Amigo internauta,
Complemento o tópico anterior de mesmo nome, em que comento que o violão tem características que o torna um instrumento próprio para tocar acompanhamento e música espanhola, e com inadequações para tocar música erudita. Vamos dar exemplos concretos.
Tentemos tocar o tema da 9a Sinfonia de Beethoven ao violão. Parece moleza, e realmente é pra ser a melodia mais fácil que um instrumentista tocará em toda sua vida. Começamos tocando fá#, sol, lá. Surge o primeiro problema. Quando tocamos o lá na terceira corda, há uma mudança de timbre grande o suficiente pra comprometer a unidade da melodia, e soar como se um instrumento diferente tocasse cada nota. Podemos tocar tudo na quarta corda, o que resolve o problema.
Prosseguimos. lá, sol, fá#, mi. Opa, olha outro problema aí. Já que estamos tocando tudo na quarta corda, precisamos saltar pra conseguir tocar o mi. Nesse salto, por mais veloz que seja, sempre se ouve uma pausa grande o suficiente pra comprometer o legato dessa frase. Dá pra tocar o mi na quinta corda, mas surge novamente o problema da mudança de timbre. Embora essa mudança de timbre seja mais sutil que quando mudamos da quarta pra terceira corda, ele vai se mostrar de novo ao tocar o ré. Ou, ao tocar a nota dó, será impossível evitar o salto, com a incômoda pausa junto.
E, claro, outros cuidados sempre se fazem necessários: dedilhar tudo com o mesmo dedo, o mesmo tipo de toque, com o mesmo ângulo, etc.
Se o violão tivesse uma sonoridade uniforme o suficiente para permitir uma mudança de corda soar com o mesmo timbre, sem esforço, esse problema estaria resolvido.
Essa é uma situação das mais simples que um violonista encontra. Em geral as melodias que precisamos tocar são mais amplas, mais rápidas, com mais notas, e normalmente com acompanhamentos simultâneos. Diversas das ferramentas que dispômos para tocar bem o tema do último movimento da 9a Sinfonia não podem ser cogitadas em diversas composições do repertório violonístico.
Por outro lado, veja o Prelúdio 1 de Villa-Lobos, amigo internauta. Essa é provavelmente a melodia mais bem escrita para o violão. Todas as notas têm sustentação adequada, estão digitadas de uma forma que permite uniformidade, é possível utilizar de ferramentas que criam a ilusão da nota ficar mais forte depois do ataque, o legato surge naturalmente, enfim, é a situação perfeita. A melodia está nos baixos, nesse caso.

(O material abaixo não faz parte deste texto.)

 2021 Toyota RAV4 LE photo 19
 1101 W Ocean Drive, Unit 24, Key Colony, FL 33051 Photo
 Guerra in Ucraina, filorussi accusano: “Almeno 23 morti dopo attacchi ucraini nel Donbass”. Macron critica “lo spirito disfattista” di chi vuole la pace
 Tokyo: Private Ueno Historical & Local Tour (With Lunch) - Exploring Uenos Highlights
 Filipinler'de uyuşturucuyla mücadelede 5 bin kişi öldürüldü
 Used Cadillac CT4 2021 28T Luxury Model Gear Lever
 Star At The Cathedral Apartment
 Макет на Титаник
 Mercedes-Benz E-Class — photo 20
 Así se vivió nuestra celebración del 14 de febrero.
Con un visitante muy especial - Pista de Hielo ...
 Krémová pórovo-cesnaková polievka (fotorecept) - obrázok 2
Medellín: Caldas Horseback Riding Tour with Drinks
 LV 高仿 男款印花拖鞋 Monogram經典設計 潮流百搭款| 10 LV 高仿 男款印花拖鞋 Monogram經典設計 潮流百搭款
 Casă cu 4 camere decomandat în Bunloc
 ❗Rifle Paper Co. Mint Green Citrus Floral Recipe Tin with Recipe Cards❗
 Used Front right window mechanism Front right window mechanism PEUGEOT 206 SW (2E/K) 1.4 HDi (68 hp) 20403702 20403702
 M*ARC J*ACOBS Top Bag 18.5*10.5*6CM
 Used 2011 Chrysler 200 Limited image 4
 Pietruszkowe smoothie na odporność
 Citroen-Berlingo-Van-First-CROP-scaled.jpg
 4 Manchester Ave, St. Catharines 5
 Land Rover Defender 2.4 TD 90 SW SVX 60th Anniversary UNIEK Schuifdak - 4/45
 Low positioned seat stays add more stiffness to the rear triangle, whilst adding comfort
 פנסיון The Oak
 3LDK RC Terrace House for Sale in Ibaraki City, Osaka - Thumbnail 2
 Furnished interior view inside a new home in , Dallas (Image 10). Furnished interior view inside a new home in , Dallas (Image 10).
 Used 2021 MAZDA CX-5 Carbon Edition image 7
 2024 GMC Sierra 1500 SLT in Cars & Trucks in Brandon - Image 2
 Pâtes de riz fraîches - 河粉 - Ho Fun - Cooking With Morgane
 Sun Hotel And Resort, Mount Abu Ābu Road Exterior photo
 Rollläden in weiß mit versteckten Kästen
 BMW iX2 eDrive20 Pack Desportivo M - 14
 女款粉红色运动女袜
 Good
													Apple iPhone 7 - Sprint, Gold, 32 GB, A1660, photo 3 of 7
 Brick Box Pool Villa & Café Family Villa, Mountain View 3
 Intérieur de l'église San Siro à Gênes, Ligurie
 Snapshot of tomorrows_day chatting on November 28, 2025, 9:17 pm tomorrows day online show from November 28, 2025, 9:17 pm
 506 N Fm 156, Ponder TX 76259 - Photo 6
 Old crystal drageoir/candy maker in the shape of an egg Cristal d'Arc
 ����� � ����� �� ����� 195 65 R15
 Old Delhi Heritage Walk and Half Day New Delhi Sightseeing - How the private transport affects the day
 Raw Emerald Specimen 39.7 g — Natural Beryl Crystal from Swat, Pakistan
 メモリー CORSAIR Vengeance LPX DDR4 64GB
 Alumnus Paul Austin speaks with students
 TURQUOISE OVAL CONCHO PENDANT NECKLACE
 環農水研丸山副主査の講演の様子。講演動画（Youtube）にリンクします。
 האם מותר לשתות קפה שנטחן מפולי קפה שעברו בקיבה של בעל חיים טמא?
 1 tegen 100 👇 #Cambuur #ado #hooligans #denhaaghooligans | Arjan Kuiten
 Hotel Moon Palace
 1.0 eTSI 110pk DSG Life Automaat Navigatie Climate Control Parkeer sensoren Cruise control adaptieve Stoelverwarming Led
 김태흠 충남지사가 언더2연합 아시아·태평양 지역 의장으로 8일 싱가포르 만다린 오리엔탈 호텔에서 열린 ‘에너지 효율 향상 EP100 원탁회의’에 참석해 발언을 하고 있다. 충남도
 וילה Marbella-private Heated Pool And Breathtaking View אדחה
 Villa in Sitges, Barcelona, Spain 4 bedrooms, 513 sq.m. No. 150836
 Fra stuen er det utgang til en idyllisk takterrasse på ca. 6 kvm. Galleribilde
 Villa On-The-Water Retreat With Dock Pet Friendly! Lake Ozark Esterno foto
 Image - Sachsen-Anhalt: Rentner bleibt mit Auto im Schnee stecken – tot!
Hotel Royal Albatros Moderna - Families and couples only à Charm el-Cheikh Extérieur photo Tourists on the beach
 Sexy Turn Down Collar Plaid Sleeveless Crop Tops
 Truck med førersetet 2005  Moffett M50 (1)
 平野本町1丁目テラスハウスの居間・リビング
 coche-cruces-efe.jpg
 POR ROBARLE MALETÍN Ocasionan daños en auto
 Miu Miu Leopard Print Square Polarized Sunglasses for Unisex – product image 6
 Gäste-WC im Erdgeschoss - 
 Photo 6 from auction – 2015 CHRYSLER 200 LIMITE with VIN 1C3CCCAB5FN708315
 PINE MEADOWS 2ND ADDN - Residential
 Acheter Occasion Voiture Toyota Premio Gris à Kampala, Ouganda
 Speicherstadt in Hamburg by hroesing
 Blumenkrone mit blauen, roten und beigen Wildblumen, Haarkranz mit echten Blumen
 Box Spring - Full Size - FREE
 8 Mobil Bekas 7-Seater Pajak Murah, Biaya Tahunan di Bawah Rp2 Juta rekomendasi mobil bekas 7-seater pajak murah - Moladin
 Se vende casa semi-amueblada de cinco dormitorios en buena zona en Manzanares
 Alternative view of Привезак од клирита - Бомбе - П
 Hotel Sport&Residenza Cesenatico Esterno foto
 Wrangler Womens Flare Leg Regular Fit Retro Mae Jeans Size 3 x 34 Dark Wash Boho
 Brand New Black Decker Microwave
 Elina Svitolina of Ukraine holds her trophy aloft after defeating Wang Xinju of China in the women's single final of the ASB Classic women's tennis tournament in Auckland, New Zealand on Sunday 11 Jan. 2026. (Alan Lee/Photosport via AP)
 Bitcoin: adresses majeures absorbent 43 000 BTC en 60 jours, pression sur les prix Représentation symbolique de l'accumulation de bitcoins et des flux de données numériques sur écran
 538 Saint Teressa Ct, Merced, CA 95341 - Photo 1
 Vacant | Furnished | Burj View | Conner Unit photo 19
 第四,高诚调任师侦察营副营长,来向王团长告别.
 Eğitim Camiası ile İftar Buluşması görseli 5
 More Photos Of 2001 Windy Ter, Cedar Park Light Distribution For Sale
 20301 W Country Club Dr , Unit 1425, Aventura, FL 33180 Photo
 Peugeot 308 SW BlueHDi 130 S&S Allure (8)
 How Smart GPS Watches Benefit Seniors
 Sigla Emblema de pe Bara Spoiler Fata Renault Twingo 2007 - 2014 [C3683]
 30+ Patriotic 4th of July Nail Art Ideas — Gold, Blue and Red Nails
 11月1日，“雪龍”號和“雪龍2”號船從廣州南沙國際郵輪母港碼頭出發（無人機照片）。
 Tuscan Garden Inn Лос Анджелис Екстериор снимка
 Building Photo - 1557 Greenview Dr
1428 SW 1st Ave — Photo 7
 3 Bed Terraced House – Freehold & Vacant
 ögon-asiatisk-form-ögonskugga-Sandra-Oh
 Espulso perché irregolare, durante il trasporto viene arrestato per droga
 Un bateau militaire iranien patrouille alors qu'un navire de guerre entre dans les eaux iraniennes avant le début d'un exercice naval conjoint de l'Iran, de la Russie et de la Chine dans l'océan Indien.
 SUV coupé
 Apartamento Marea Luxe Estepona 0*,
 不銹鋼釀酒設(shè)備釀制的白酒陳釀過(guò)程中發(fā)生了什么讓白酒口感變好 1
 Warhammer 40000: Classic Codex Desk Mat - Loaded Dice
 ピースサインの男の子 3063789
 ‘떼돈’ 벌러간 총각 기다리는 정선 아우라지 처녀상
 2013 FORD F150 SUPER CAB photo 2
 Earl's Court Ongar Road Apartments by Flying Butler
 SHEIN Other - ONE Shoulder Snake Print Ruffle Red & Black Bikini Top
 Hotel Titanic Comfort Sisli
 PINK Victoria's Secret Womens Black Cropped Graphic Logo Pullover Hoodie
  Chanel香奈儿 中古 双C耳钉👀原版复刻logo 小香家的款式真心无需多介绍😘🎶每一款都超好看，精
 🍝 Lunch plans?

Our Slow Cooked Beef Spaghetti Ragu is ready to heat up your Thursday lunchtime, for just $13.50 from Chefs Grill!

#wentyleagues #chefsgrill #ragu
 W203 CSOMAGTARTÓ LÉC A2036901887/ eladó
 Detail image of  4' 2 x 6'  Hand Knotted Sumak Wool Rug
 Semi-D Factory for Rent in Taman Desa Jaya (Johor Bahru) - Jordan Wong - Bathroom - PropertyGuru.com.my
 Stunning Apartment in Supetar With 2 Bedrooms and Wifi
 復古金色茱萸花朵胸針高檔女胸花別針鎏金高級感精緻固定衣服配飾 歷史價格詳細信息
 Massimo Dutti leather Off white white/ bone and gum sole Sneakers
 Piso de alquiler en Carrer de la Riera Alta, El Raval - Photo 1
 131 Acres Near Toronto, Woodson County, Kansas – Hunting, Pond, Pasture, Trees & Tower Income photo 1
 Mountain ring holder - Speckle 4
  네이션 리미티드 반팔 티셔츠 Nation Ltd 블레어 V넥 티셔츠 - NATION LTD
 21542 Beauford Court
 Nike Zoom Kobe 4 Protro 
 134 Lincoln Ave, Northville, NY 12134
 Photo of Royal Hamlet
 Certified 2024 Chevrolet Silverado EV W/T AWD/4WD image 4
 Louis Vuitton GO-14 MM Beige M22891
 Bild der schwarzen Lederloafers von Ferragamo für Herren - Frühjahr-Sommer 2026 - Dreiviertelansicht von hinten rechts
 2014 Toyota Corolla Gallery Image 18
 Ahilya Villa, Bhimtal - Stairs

Já quando temos uma melodia no agudo, como na seção B do Prelúdio 3 de Villa-Lobos, tudo se inverte. As notas não têm a sustentação que precisam, toda mudança de corda compromete a unidade de timbre, todo salto compromete o legato, é muito difícil mudar o som da nota após o ataque, e é preciso muito esforço para passar a impressão que a última nota isolada soa legato com o acorde a seguir.
Com um instrumento que, além de uniformidade na sonoridade, tivesse boa sustentação e projeção aonde a melodia costuma estar, que é nos agudos, esse problema estaria resolvido.
Mas o violonista, mesmo lutando com todos esses problemas, consegue criar uma boa impressão. Vai tocando uma composição, com melodia na região aguda, prepara aquele lindo acorde que termina a música e... a última nota que sobra no acorde não é a melodia, é um baixo que ele já teve de tomar cuidado pra não se sobrepôr à melodia.
Um baixo sempre presente e que é a última nota que sobra ao tocar um acorde é uma dádiva pra um instrumento acompanhador, já que a nota mais grave tem um papel importantíssimo para determinar as tensões e repousos. Dois acordes com as mesmas notas, mas com baixos diferentes, podem soar como dissonância num caso e repouso em outro. Um instrumento acompanhador precisa mostrar isso com muita clareza.
Mas um instrumento que toca melodias tem de ser capaz de pôr a melodia em primeiro plano sempre, em toda e qualquer situação, em qualquer região que ela esteja.
São essas as principais características que gostaria de ouvir num violão. E poucos estão correndo atrás delas.